Current challenges stem from the limited adoption of advanced forecasting tools, particularly by smaller generators. These technologies often involve high costs, making them less accessible to smaller players. That said, initiatives under the Green Open Access Rules, 2022, and regulatory push by the CERC and state agencies have elevated the importance of accurate forecasting. With improved granularity and reliability of forecasts, renewable energy generators are increasingly able to participate not only in the G-DAM but also likely to enter the regular DAM space, further enhancing market integration.
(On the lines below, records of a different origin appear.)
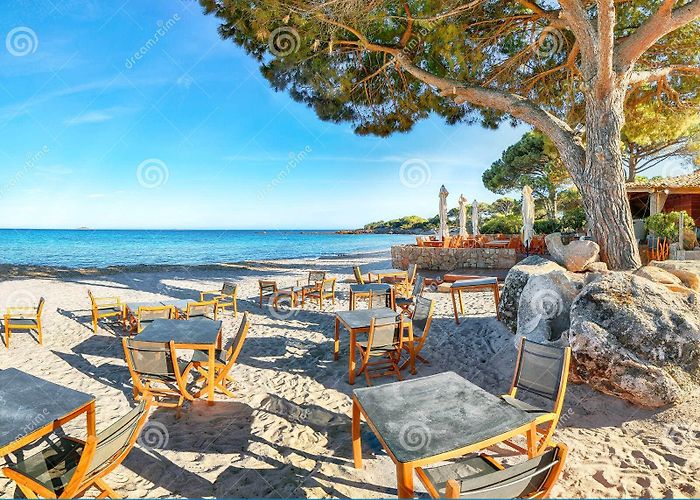 Palombaggia Beach Fabulous View of Palombaggia and Tamaricciu Beaches from Bar ... photo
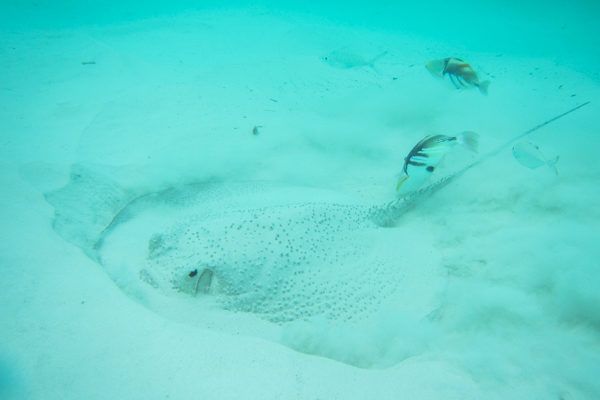 Sting Ray in Seychelles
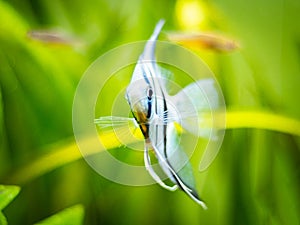 Portrait of a zebra Angelfish in tank fish with blurred background Pterophyllum scalare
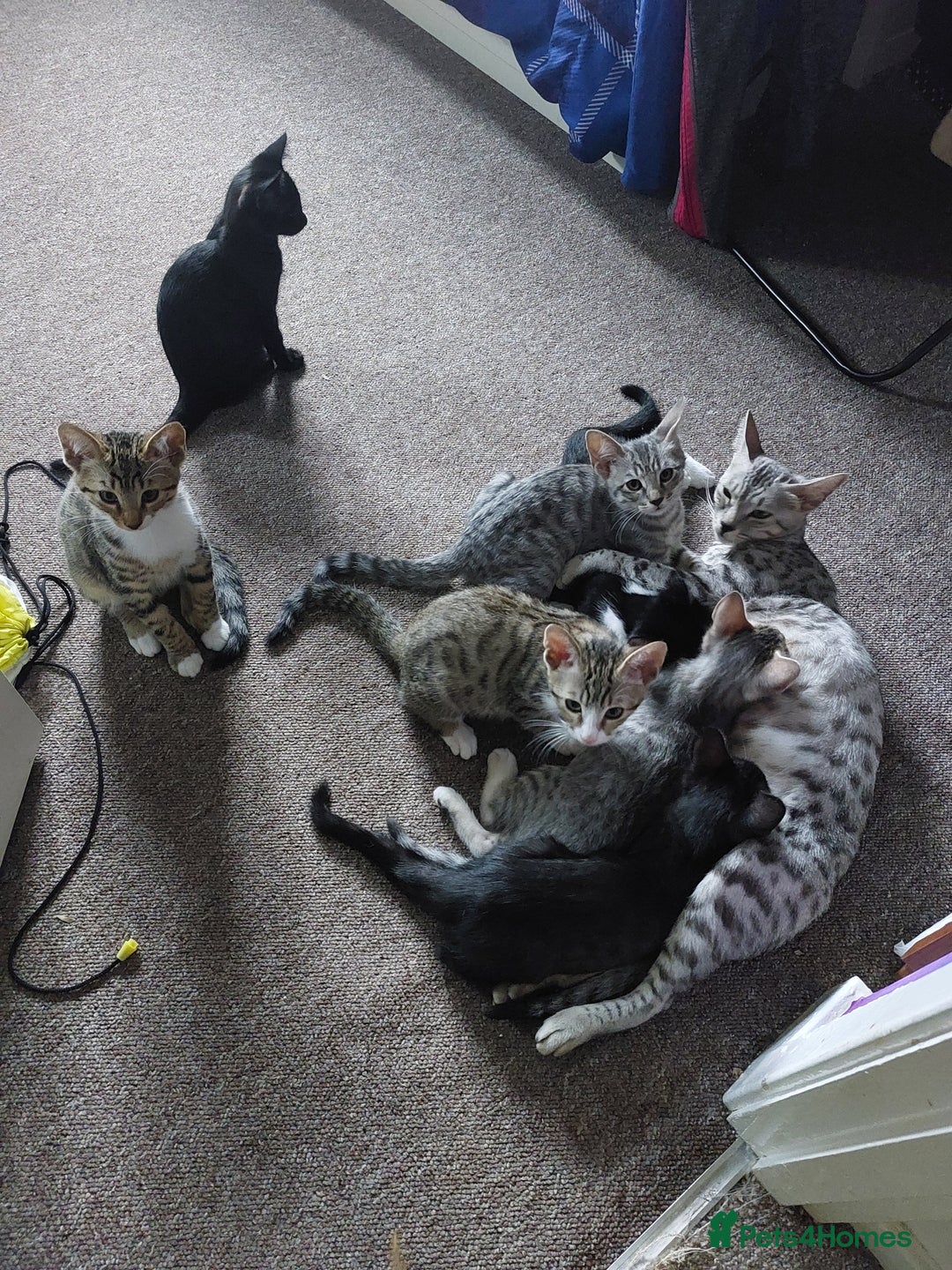 Savannah cats for sale: Playful Savannah F5 Mix Kittens for Loving Homes - Image 26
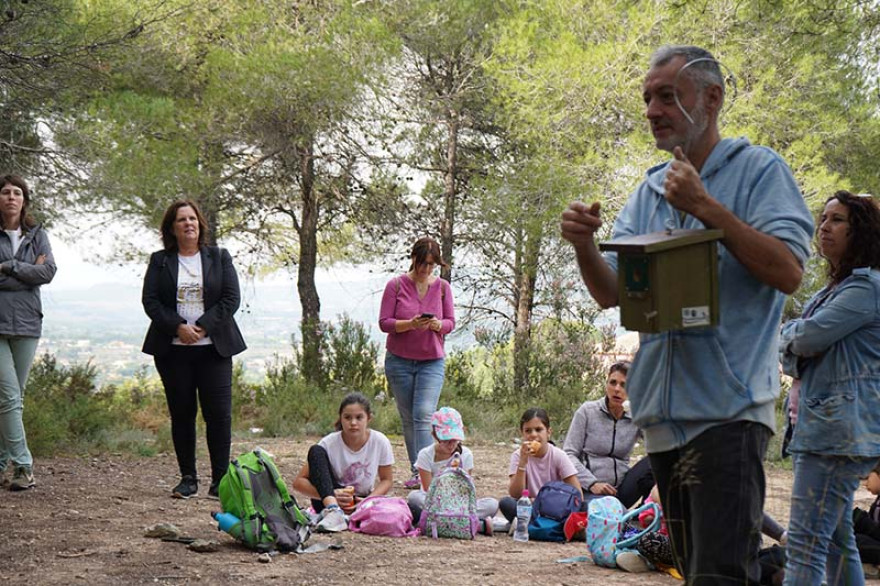 Ontinyent organitza una activitat d’educació ambiental amb la col·locació de &quot;caixes niu” per escolars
From a power market perspective, improved forecasting facilitates better integration into the DAM (not just G-DAM). The entry of firm renewable energy in the regular DAM is likely to alter market dynamics. Overall, forecasting cannot be considered a mere technical requirement – it is a strategic enabler for renewable energy to unlock the full potential of power exchange-based trading.
Future outlook
The long-term outlook for renewable energy on power exchange markets in India is highly optimistic, provided structural reforms continue to evolve. As the country targets 500 GW of non-fossil fuel capacity by 2030, reliance solely on long-term PPAs may no longer be sufficient. Renewable energy generators must increasingly leverage exchange-based trading platforms to ensure flexibility, efficiency and competitiveness.
The proposed VPPA framework is a promising development, with the potential to unlock new avenues for renewable energy generators by enabling virtual contracting while selling power in the market. Simultaneously, maturing segments such as G-DAM, G-TAM and RECs are expected to gain further traction with improved liquidity.
Additionally, the growing interest among corporate consumers in the green open access regime is expected to accelerate demand for green power. Coupled with the advent of hybrid and storage renewable energy projects, the ability of green power to provide reliable, despatchable energy will strengthen its space in the power markets. In the long run, power exchanges are poised to become critical to India’s green transition. They will offer a transparent, technology-driven and competitive marketplace for green power, aligning with both climate goals and evolving electricity market structures.